Environmental DNA
(eDNA) for Biodiversity Monitoring in Cave Ecosystems
Mike Buchanan 2025
Abstract
Keywords: environmental DNA, caves, biodiversity monitoring,
groundwater, metabarcoding, conservation
1. Introduction
Cave ecosystems host specialised fauna, including
stygobionts, troglobionts, and species of high conservation concern.

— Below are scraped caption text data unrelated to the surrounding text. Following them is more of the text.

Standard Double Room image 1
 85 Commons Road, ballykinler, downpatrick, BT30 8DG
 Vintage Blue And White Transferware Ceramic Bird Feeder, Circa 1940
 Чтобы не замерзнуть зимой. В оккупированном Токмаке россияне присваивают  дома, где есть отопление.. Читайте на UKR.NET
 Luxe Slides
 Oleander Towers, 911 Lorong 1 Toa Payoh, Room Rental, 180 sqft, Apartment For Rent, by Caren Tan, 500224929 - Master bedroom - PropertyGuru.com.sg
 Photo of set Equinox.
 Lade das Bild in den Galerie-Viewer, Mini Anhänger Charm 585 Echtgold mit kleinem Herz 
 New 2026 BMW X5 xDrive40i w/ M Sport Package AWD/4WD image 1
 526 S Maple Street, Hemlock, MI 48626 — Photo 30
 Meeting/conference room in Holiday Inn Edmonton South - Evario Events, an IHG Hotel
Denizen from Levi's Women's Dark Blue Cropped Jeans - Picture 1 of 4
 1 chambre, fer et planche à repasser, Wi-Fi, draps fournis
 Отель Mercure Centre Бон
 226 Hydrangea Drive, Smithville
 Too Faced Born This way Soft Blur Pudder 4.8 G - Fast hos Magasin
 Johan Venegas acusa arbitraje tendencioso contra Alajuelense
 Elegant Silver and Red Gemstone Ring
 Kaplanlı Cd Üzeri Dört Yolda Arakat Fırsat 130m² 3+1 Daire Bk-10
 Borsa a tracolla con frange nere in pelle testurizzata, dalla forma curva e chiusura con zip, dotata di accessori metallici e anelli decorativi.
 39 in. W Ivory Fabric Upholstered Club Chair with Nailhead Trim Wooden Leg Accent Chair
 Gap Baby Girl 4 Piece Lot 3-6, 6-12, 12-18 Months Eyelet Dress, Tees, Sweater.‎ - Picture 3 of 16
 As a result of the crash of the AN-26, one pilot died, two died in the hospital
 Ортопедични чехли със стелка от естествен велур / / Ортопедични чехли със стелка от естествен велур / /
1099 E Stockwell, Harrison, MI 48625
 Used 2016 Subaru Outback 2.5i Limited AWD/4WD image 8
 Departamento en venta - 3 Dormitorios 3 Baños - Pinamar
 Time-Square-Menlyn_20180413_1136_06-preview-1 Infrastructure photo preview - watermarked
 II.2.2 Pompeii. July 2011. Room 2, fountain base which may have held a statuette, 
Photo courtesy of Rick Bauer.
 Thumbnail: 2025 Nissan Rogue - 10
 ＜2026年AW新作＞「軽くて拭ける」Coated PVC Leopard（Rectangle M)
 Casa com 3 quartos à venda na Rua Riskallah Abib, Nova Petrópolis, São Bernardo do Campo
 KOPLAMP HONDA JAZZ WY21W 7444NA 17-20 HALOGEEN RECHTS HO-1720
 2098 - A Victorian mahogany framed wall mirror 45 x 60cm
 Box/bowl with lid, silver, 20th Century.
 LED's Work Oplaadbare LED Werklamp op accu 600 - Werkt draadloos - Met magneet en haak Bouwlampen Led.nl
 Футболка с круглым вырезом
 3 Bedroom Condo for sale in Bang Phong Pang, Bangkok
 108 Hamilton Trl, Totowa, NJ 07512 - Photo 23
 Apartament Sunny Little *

Traditional survey methods often under-detect these organisms due to their
cryptic behaviours and inaccessible habitats. eDNA offers a non-invasive
alternative, capable of detecting rare and elusive taxa at high sensitivity
(Saccò et al., 2022). However, successful application in caves requires careful
attention to study design, environmental constraints, and integration with
conventional approaches.
2. Accuracy and Effectiveness of eDNA in Caves
Research indicates that eDNA effectively detects aquatic
cave species such as fish, crustaceans, and amphibians, often outperforming
visual surveys (Boyd et al., 2020). For terrestrial cave fauna, success is
contingent on the sampling substrate: guano, sediments, and biofilms yield more
reliable results than water alone (Saccò et al., 2022). While eDNA provides
high sensitivity, accuracy may be reduced by false positives from contamination
or transported DNA, and false negatives where biomass is very low (Goldberg et
al., 2016).
3. Sampling Effort and Duration
Standard practice recommends three to five replicates of
water (1–4 L filtered per replicate) or sediment samples at each site. Temporal
replication is equally important, with two sampling events considered minimal
and three to four across seasonal periods providing more robust coverage (Jerde
et al., 2019). Field campaigns can be completed within days, although
laboratory processing and bioinformatics can extend timelines to several weeks.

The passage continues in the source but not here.